TSK’nın şanlı üniformasını bir tek hainin dahi taşımaması için FETÖ ile mücadele Cumhuriyet Başsavcılıkları, MİT Başkanlığı ve Emniyet Genel Müdürlüğü ile koordineli bir şekilde, yeni bilgi ve belgeler ışığında sıralı amirlerin takip ve kontrolünde aksatılmadan sürdürülmektedir. FETÖ bağlantılı son personel de MSB bünyesinden temizleninceye kadar mücadelemiz kararlılıkla devam edecektir.
Hain darbe girişiminin ardından süratle personel temin faaliyetlerine başlandı. 23 Ekim itibarıyla toplam 95 bin 911 personel temin edildi. Milli Savunma Bakanlığında toplam 487 bin 368 personel görev yapmaktadır.
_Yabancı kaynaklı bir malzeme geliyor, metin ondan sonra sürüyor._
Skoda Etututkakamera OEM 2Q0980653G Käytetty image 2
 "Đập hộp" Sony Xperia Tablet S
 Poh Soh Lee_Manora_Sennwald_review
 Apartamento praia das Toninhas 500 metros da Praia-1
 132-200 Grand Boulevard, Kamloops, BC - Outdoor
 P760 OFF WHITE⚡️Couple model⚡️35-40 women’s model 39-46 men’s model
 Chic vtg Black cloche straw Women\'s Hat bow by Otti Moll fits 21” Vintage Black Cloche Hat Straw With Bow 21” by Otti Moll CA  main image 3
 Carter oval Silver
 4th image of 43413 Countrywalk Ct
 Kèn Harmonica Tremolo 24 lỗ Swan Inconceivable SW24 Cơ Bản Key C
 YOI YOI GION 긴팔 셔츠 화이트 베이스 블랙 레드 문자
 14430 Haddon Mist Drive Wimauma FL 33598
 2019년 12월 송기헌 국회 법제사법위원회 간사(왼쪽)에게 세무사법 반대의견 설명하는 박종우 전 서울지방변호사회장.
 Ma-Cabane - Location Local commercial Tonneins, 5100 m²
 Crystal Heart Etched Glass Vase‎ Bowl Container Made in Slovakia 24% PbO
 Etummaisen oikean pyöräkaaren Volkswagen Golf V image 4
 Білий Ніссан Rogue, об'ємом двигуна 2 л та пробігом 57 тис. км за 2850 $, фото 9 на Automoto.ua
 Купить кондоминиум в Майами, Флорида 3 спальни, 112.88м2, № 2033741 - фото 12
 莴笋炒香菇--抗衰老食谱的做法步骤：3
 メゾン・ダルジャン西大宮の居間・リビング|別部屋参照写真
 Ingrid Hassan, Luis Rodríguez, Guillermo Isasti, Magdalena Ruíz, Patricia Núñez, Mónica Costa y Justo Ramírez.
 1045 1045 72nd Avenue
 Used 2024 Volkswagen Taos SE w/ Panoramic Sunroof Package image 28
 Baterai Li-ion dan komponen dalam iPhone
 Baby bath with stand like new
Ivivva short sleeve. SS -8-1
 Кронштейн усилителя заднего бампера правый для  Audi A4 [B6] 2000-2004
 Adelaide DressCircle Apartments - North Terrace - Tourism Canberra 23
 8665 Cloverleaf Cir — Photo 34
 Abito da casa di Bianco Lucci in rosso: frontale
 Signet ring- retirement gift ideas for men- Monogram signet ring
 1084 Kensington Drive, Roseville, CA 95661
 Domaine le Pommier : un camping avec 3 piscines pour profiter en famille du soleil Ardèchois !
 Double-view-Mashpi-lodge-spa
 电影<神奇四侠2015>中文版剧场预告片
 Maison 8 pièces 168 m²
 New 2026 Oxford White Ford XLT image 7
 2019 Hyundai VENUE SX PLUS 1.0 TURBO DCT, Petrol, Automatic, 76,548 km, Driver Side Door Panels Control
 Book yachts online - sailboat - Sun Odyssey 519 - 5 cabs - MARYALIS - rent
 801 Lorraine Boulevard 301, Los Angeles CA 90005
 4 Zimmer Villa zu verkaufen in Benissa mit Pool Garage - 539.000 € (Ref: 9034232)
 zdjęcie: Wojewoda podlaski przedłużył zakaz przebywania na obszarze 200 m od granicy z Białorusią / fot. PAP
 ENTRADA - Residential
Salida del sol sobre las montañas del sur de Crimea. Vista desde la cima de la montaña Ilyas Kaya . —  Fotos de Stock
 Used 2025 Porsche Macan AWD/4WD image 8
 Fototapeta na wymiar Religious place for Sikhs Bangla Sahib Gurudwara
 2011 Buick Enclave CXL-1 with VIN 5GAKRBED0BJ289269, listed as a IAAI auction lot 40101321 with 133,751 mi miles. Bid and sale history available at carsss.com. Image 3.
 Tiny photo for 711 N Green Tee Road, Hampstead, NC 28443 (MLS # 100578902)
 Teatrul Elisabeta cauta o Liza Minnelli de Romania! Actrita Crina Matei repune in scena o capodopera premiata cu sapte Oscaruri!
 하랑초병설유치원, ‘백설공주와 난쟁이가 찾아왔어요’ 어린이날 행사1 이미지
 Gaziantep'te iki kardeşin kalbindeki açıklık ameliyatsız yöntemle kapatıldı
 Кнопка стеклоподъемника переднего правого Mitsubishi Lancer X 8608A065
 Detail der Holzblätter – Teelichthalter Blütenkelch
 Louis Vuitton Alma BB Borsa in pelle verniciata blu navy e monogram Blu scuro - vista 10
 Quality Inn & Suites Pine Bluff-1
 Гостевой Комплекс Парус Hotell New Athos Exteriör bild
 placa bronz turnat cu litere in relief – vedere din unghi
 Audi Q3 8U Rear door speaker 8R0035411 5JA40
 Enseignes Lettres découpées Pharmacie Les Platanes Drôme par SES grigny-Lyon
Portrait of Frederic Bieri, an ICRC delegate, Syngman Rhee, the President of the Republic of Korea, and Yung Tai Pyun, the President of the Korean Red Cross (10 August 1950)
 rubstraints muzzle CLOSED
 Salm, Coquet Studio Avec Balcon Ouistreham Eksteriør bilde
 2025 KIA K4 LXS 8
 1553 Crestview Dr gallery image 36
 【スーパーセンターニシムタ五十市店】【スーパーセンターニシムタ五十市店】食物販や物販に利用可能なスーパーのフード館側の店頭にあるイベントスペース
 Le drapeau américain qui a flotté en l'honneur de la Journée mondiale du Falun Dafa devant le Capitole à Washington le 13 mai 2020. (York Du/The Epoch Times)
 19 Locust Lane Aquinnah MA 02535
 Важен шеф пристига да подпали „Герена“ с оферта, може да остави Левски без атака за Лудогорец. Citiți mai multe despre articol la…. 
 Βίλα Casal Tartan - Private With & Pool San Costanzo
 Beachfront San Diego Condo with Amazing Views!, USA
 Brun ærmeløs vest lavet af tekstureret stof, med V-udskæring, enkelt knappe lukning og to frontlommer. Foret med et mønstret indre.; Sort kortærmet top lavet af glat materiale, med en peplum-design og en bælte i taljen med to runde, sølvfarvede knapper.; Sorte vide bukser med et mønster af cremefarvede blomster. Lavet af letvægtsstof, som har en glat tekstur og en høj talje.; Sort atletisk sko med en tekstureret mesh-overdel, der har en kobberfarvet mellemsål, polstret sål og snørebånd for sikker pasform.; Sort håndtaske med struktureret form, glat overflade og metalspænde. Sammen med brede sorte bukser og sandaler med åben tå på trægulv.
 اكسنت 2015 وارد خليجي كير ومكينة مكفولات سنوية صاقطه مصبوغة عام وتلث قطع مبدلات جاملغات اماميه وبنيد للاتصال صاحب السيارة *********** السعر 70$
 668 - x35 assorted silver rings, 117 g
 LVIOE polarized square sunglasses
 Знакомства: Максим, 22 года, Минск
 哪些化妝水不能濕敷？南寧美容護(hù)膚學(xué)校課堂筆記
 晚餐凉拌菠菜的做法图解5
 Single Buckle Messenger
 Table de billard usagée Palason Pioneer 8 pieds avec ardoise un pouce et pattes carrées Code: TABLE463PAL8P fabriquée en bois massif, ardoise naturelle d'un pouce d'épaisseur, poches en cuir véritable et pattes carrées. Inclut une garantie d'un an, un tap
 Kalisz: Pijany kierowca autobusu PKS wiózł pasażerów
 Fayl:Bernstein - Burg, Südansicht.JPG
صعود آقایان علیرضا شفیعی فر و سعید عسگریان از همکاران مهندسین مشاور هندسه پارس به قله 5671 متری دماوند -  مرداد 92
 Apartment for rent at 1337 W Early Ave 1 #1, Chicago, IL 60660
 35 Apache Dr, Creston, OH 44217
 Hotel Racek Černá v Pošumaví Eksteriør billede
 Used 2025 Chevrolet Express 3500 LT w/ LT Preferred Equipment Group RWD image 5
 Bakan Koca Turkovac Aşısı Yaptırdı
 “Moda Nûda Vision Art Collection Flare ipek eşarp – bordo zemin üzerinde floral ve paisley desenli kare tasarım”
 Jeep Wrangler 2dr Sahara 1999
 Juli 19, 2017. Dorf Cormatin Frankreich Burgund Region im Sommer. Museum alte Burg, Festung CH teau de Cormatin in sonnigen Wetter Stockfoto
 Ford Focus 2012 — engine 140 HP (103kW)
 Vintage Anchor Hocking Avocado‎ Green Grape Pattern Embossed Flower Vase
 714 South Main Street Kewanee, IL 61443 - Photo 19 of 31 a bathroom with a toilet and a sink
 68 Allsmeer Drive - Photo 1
Milli Savunma Üniversitesinde misafir askeri öğrenciler dahil toplam 17 bin 637 öğrenci öğrenim görmektedir” diye konuştu.
‘S-300 SİSTEMİ NATO İTTİFAKI İÇİNDE NASIL KULLANILIYORSA S-400 SİSTEMİ DE BİZDE AYNI ŞEKİLDE KULLANILACAKTIR’
Bakan Akar, Türkiye’nin uzun menzilli bölge hava ve füze savunma sistemi tedarikinin ülkenin egemenliği, bağımsızlığı ve güvenliği için bir tercih değil zorunluluk haline geldiğinin altını çizerek, “Bu amaçla 1990’lı yılların başından itibaren hava ve füze savunma sistemi tedarik çalışmalarımız devam etmiş, tedarik prensiplerimize cevap veren S-400 sisteminin tedarik sözleşmesi 11 Nisan 2017 tarihinde imzalanmıştır. Bazı NATO üyelerinde mevcut olan S-300 sistemi NATO İttifakı içinde nasıl kullanılıyorsa, S-400 sistemi de bizde aynı şekilde kullanılacaktır. Her savunma tedarik programı çerçevesinde deneme ve sistem kontrolleri yer almaktadır. Bu usuller tedarik programının bir parçasıdır ve tamamıyla teknik bir faaliyettir.
Bu kapsamda tedarik ettiğimiz sistemin kontrol ve hazırlıklarına planlandığı şekilde devam ediyoruz. Türkiye F-35 programının sadece bir müşterisi değil, aynı zamanda ortağıdır. F-35 teknolojisinin güvenliği, ABD için olduğu kadar Türkiye için de önemli. ABD hükümetinin F-35 programına ilişkin raporu gösterdi ki Türkiye’nin programdan uzaklaştırılması, F-35 uçağının kritik parçalarının üretim takvimi ve maliyetin düşürülmesine ilişkin riskler doğurdu. ABD’nin teknik anlamda S-400 ve F-35’lerin uyumluluğu konusundaki herhangi bir kaygısını ele almaya hazırız. Bu kapsamda ortak çalışma grubu teklifimiz halen masadadır. Bu husus resmi olarak ABD’lilere, NATO’ya iletilmiş bulunmaktadır.”
‘2020’DE 41 BİN KİŞİ BEDELLİ ASKERLİĞE MÜRACAAT ETTİ’
Bakan Akar, 2020’de bedelli askerlikten yararlanmak için 41 bin, dövizle askerlik hizmeti uygulamasından yararlanmak için ise 2 binden fazla kişinin müracaat ettiğini belirterek “Yeni Askerlik Kanunu ile ilk kez ihdas edilen yedek astsubaylık statüsüne vatandaşlar yoğun ilgi gösterdi. Bugüne kadar yedek astsubay statüsünde 29 bin vatandaş silah altına alındı. Bakanlığımız ve devletimizin tüm kurumları bu bilinçle hareket etmekte, şehitlerimizin değerli aileleri ve gazilerimize sağlanan hakların sürekli geliştirilmesi için azami gayreti göstermektedir. Bu çerçevede faaliyetlerimizi başta Aile, Çalışma ve Sosyal Hizmetler Bakanlığı olmak üzere ilgili bakanlıklarla koordineli olarak yürütmekteyiz” diye konuştu.